In November 2011 two pairs of self-propelled robots called ‘Wave Gliders’ were launched in San Francisco, California. There four robots would have tallied about 38 thousand miles if they all had completed their perspective journeys, however, 2 of them were pulled due to problems, and another is off course about 800 miles from Australia.
The one Wave Glider, "Papa Mau", that successfully reached Australia did so perfectly, and the robot logged in a lot of useful data that scientists were able to study. The company press release dated December 6th stated, “Papa Mau navigated along a prescribed route under autonomous control collecting and transmitting unprecedented amounts of high-resolution ocean data never before available over these vast distances or timeframes.”
The purpose of the scientific experiments with the robots is to monitor temperatures of the sea in relation to where they are. The bots also monitor salinity of the seawater in different regions, and wave height along with ocean oxygen levels.
The one wave glider to that successfully reached its Australia destination on December 8th proved that autonomous, self-powered data gathering robots could be made inexpensively and left to explore the oceans on their own. While standard trade routes have been in existence for centuries, there hasn’t been any real ocean data gathering to speak of until recently. This new technology will help scientists better understand what is happening to the climate and just how much climate change may be affecting oxygen levels and temperatures in the oceans.

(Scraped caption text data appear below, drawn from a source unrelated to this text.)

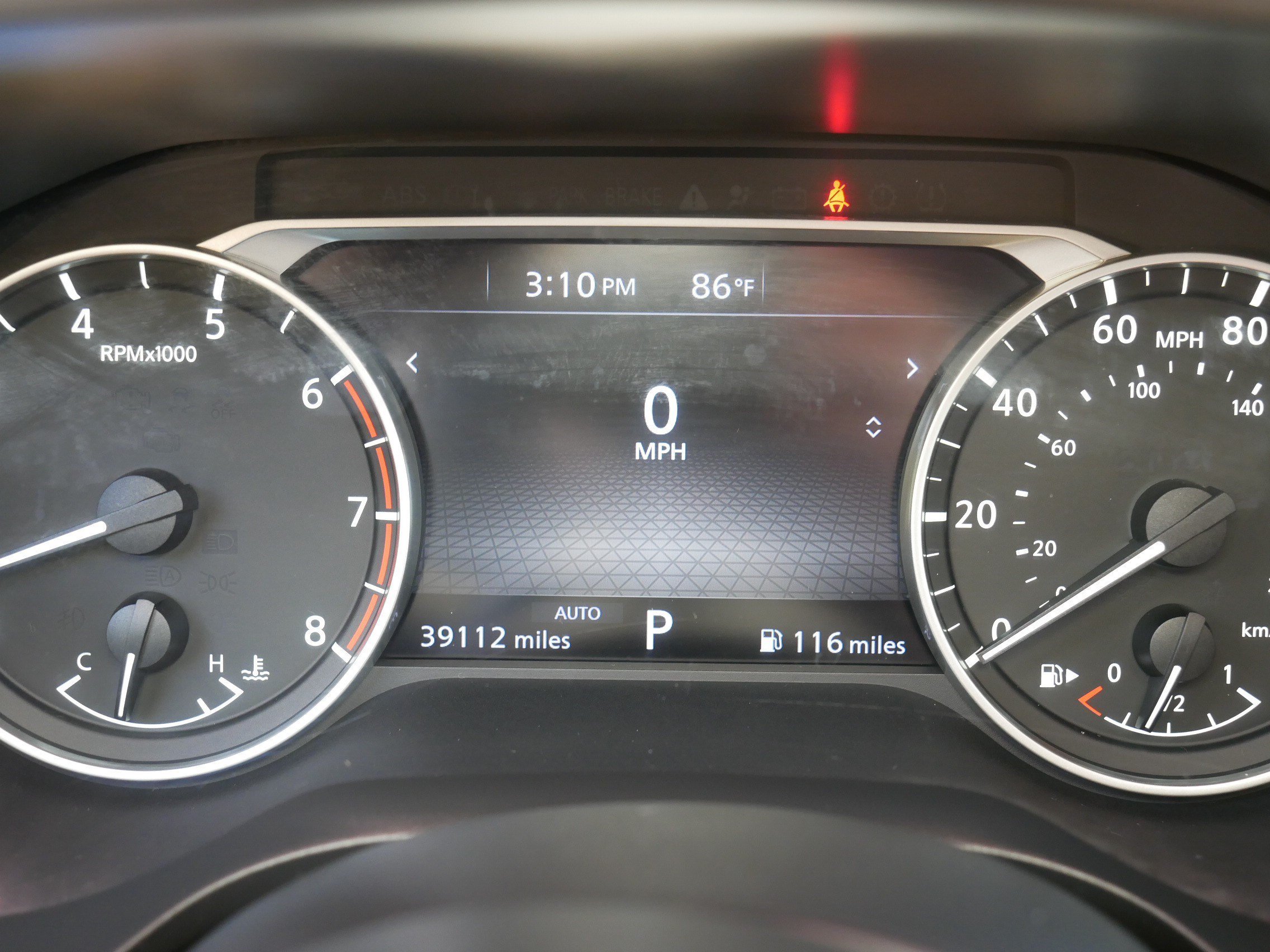 Used 2023 Boulder Gray Pearl/Super Black Nissan SV image 21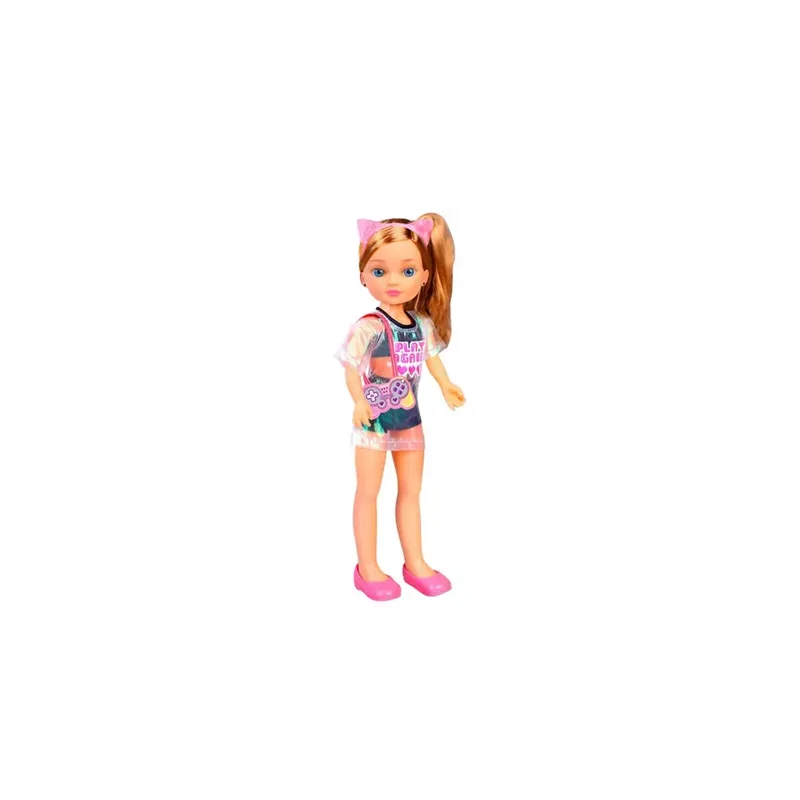 Nancy Look Trendy – pack de moda con bolso y orejas de gato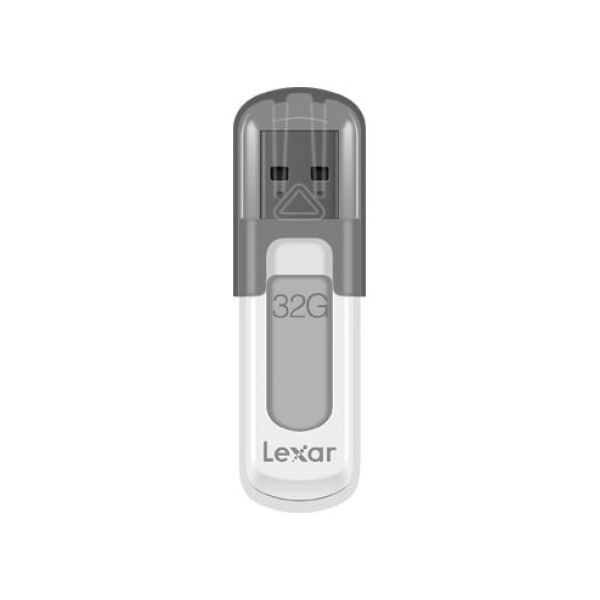 Pendrive Lexar JumpDrive V100, 32 GB  (LJDV100-32GABGY)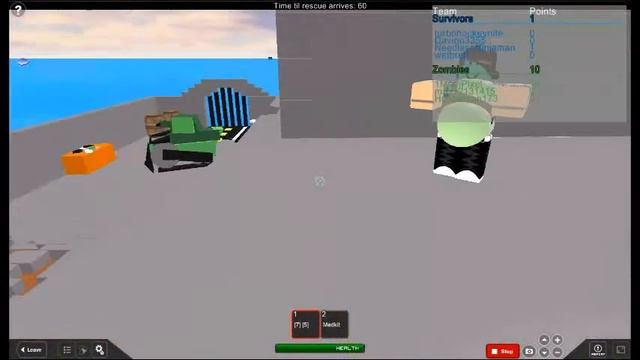 left for dead roblox version 2 смотреть онлайн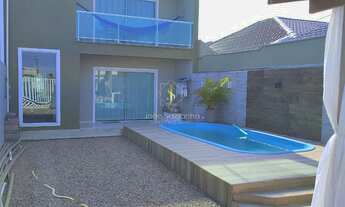 Imagem: Casa com piscina em Guaratuba(Coroados)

The four robots were built by the Liquid Robotics Company, which was founded in 2007. The company operates as an ocean data service provider. The Wave Glider bots were the first fully operational wave-powered, autonomous marine robots. According to their website, Liquid Robotics wants to use this new technology to study ocean data on a continual basis and according to their About page create a “game-changing scientific discoveries to help us address the biggest challenges our world faces, including global climate change, national security, hurricane & tsunami warning, and offshore energy & resource management.”